John Hong is an architect and professor at Seoul National University. His work bridges the scales of architecture and urbanism and converges the mediums of drawings, material, theory, and computation. Prior to establishing his current design lab, Project : Architecture, he was co-founder of the internationally recognised firm SsD. His work has been exhibited at international venues including the 2014/16 Venice Biennales as well as published in Architectural Record, Metropolis Magazine, The New Yorker, and Space Magazine. His built projects have garnered many awards including fifteen American Institute of Architecture (AIA) awards, Architectural Record’s Design Vanguard, and the Emerging Voices Award from the Architectural League NY. His most notable writings on contemporary architectural culture include the books Convergent Flux: Contemporary Architecture and Urbanism in Korea as co-author (2012) and Fragments of a New Housing Language: Contemporary Urban Housing in Korea (2016). He was Associate Professor in Practice at the Harvard GSD (2007–14) and received his Master’s in Architecture from the Harvard Graduate School of Design and a Bachelor’s in Science in Architecture from the University of Virginia.


Kyungsub Shin is a photographer and artist based in Seoul, Korea. He studied photography at Kaywon University of Art & Design, and philosophy at Yonsei University. His work focuses on collecting and producing images that can be encountered by investigating diversity within modern society through the interrelationship between architecture and society. He uses architecture and the city as a point of departure for scrutinising the conditions of hypermodernity registered within rapidly changing environments and the over-exhaustion of the conditions that define modern society. The result is a visual transposition of such phenomena and structures into aesthetic objects. He has exhibited widely, including the 2011 Gwangju Design Biennale and the Golden Lion winning Korean Pavilion at the 2014 Venice Architecture Biennale. Currently, his work is featured in the Korean Pavilion at the 2016 Venice Architecture Biennale.


Tapio Snellman is a filmmaker, artist and architect engaged in architectural and urban discourse. His work includes film installations, commercial moving image, documentaries, experimental 3D animation and site-specific film projections for museums, theatre, dance and opera. Snellman has engaged in long-term collaborations with other creators such as Herzog & de Meuron, Zaha Hadid, OMA, David Adjaye, Hussein Chalayan and Sasha Waltz on film, animation and performance projects.
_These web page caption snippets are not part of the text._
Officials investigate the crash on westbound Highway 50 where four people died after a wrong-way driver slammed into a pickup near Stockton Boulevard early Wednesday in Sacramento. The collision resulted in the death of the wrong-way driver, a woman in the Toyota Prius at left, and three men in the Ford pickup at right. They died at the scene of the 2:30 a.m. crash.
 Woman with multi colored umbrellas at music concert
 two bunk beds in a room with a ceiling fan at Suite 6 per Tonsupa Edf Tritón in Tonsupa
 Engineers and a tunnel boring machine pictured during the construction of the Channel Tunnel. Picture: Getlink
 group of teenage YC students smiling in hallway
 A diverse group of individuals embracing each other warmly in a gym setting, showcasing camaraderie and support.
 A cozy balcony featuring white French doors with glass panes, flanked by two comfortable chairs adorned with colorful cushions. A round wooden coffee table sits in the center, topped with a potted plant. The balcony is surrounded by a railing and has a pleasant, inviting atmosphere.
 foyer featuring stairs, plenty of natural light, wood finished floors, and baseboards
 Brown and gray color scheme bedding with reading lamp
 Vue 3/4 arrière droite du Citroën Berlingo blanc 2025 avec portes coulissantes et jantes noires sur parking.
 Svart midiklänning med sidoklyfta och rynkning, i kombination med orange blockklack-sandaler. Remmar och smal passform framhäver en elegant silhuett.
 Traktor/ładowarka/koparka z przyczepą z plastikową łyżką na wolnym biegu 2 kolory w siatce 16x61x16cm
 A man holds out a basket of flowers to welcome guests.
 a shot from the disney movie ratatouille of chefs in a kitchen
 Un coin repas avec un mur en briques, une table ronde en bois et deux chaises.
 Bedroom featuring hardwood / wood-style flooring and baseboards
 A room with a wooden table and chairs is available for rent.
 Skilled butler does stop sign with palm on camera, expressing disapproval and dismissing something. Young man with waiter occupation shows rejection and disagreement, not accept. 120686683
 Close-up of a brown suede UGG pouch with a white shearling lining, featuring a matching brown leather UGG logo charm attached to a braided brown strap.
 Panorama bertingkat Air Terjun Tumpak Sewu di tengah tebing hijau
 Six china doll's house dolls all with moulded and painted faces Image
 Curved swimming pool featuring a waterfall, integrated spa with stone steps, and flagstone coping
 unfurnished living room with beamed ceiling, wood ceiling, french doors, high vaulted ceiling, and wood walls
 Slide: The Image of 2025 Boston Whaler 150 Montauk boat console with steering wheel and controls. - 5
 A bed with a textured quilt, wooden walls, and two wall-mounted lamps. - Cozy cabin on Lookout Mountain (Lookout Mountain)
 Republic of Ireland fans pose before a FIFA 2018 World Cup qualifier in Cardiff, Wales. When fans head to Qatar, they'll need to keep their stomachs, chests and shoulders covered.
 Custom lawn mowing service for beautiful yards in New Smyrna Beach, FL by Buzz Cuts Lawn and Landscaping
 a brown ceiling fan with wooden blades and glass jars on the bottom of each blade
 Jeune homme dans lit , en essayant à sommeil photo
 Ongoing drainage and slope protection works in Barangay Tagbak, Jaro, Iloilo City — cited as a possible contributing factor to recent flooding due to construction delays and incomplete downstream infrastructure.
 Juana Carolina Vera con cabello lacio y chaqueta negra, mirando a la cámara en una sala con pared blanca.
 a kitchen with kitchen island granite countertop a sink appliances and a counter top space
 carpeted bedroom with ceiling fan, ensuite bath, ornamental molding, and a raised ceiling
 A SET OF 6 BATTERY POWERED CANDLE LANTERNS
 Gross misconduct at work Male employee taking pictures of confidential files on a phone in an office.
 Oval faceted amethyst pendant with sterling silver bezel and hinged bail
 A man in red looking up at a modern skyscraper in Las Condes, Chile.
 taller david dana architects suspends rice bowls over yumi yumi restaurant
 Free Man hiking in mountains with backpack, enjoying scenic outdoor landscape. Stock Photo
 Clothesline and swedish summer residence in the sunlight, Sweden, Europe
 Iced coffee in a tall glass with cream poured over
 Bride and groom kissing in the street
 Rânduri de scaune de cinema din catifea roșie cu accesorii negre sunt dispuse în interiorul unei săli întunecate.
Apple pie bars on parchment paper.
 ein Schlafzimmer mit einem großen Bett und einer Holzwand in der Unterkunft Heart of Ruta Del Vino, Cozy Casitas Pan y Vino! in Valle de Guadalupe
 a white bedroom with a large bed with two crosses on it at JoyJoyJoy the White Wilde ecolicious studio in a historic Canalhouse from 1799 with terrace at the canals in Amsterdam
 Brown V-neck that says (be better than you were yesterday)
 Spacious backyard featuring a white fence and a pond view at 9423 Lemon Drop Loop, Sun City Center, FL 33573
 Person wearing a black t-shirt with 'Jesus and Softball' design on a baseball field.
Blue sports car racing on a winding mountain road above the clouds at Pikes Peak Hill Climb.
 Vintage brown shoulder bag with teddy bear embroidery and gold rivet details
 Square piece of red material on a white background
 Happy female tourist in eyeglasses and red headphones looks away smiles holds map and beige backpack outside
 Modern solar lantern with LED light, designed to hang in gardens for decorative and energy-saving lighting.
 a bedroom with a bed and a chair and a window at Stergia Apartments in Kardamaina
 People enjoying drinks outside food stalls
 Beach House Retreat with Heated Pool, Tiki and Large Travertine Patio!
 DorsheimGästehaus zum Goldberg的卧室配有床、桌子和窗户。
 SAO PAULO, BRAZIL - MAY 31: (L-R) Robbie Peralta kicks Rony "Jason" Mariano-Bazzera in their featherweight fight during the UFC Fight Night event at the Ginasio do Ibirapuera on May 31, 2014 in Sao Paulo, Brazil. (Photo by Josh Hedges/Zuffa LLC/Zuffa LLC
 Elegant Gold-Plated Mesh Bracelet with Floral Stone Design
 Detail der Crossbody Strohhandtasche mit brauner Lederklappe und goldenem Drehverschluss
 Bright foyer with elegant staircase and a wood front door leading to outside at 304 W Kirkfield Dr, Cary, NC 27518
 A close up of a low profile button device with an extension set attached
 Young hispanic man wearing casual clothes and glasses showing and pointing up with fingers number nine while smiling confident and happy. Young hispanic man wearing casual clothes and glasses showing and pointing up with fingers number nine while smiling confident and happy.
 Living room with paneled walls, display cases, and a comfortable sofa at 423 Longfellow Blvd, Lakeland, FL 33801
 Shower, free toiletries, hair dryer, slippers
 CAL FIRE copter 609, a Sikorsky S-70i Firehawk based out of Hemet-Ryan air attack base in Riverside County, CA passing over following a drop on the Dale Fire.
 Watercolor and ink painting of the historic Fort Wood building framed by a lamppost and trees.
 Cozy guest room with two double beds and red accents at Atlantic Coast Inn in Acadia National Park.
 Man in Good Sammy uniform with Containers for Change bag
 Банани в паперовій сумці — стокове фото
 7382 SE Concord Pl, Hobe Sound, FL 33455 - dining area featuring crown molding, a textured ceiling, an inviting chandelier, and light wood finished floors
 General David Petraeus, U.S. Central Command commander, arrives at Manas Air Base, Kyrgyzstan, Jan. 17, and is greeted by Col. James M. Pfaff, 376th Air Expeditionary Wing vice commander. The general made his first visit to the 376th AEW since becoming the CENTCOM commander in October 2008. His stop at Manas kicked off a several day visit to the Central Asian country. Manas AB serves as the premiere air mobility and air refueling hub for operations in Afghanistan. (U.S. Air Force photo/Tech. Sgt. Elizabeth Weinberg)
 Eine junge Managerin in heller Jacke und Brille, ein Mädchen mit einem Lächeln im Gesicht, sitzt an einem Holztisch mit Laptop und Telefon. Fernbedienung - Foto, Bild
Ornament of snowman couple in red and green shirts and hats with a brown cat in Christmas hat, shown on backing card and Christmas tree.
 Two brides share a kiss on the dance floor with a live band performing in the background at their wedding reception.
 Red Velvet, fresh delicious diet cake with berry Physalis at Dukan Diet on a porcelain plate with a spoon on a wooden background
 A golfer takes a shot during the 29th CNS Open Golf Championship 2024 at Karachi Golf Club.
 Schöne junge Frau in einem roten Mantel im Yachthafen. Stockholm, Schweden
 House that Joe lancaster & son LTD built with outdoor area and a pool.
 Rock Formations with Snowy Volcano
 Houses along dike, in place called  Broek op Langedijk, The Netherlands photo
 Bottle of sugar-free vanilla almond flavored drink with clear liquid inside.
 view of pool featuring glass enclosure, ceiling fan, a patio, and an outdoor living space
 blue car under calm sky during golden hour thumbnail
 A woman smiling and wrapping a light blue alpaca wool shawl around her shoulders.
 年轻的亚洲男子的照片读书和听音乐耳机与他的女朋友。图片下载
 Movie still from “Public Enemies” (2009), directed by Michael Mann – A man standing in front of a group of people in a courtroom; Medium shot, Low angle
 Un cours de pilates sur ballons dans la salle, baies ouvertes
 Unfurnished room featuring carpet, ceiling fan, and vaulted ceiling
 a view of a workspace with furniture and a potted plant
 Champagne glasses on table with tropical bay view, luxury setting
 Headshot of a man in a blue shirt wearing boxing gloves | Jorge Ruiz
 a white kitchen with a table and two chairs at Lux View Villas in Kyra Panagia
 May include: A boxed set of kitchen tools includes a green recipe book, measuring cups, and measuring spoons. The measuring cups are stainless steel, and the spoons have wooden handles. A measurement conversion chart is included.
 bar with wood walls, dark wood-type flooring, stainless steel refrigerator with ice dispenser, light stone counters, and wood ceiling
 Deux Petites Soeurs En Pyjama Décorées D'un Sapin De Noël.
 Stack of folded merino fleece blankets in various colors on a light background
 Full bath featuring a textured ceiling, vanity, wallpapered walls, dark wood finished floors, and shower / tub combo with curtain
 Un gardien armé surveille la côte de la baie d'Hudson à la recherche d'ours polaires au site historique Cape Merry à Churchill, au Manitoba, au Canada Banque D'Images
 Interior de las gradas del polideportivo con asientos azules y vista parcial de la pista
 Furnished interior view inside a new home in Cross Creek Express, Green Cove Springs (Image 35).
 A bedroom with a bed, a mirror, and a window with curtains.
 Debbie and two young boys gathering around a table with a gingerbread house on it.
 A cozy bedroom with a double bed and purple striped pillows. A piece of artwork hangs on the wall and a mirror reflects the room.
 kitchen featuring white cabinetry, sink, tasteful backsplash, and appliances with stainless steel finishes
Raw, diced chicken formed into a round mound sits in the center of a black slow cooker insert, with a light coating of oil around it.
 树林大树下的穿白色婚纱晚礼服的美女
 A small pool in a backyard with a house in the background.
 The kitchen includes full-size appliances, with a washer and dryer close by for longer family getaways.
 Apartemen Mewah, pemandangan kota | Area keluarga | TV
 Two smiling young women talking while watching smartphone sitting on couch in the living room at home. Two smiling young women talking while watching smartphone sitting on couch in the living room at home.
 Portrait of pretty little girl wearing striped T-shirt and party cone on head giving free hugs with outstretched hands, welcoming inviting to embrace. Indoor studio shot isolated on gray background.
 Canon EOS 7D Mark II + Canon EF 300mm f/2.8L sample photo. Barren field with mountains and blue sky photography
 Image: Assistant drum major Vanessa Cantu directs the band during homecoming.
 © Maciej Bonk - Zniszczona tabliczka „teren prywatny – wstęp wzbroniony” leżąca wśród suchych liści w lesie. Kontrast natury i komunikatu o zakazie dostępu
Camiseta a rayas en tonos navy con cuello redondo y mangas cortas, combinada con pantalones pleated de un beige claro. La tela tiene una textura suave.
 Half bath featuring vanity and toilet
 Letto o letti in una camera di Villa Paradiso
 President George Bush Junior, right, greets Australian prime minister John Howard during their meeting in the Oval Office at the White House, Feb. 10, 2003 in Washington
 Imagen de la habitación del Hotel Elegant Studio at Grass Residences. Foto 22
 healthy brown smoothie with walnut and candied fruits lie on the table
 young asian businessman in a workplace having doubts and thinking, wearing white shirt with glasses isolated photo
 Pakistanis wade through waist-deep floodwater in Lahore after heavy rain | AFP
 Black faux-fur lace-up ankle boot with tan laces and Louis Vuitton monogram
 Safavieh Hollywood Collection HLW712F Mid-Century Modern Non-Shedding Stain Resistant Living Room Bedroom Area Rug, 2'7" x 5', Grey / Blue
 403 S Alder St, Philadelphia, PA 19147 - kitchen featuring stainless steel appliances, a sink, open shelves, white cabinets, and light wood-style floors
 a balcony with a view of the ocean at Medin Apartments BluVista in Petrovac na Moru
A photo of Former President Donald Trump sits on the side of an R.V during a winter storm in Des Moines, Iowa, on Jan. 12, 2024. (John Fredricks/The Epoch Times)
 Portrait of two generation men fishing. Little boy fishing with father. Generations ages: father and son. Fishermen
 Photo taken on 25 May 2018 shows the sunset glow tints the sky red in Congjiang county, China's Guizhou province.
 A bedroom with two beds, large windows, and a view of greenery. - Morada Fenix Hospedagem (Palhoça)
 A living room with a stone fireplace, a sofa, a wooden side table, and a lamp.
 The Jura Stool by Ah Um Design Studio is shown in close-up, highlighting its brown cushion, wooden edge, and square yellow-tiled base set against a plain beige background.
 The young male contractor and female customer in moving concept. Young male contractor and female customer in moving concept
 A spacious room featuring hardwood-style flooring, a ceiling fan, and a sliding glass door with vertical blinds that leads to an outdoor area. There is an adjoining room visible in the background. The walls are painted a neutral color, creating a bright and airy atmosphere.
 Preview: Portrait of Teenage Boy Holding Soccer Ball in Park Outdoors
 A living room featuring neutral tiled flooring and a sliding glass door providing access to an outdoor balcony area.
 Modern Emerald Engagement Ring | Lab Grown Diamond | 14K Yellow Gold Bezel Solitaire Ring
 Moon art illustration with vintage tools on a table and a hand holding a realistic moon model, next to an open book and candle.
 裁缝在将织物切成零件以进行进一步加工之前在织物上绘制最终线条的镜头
He gained an MA in Urban Design from the University of Stuttgart and a Diploma in Architecture from the Metropolitan University in London, and currently holds a lecturing position at the University of Innsbruck, Austria. He has previously taught at schools such as the London School of Economics, the Architectural Association in London and the Southern California Institute of Architecture in Los Angeles. Snellman’s films and installations have been exhibited internationally, at venues including the V&A, Tate Modern, Design Museum and The Hayward Gallery in London, the Guggenheim Museum and MoMA in New York and frequently as part of the Architecture Biennale in Venice.


The 2016 London Festival of Architecture (LFA) celebrates London as a global hub of architecture. The theme of the London Festival of Architecture 2016 is “Community”, and the festival aims to connect with as many people as possible to demonstrate architecture’s relevance to London and its diverse communities. The festival programme features exhibitions and events organised by London’s leading architectural, cultural and academic institutions alongside architects, designers, curators and community groups from around the UK.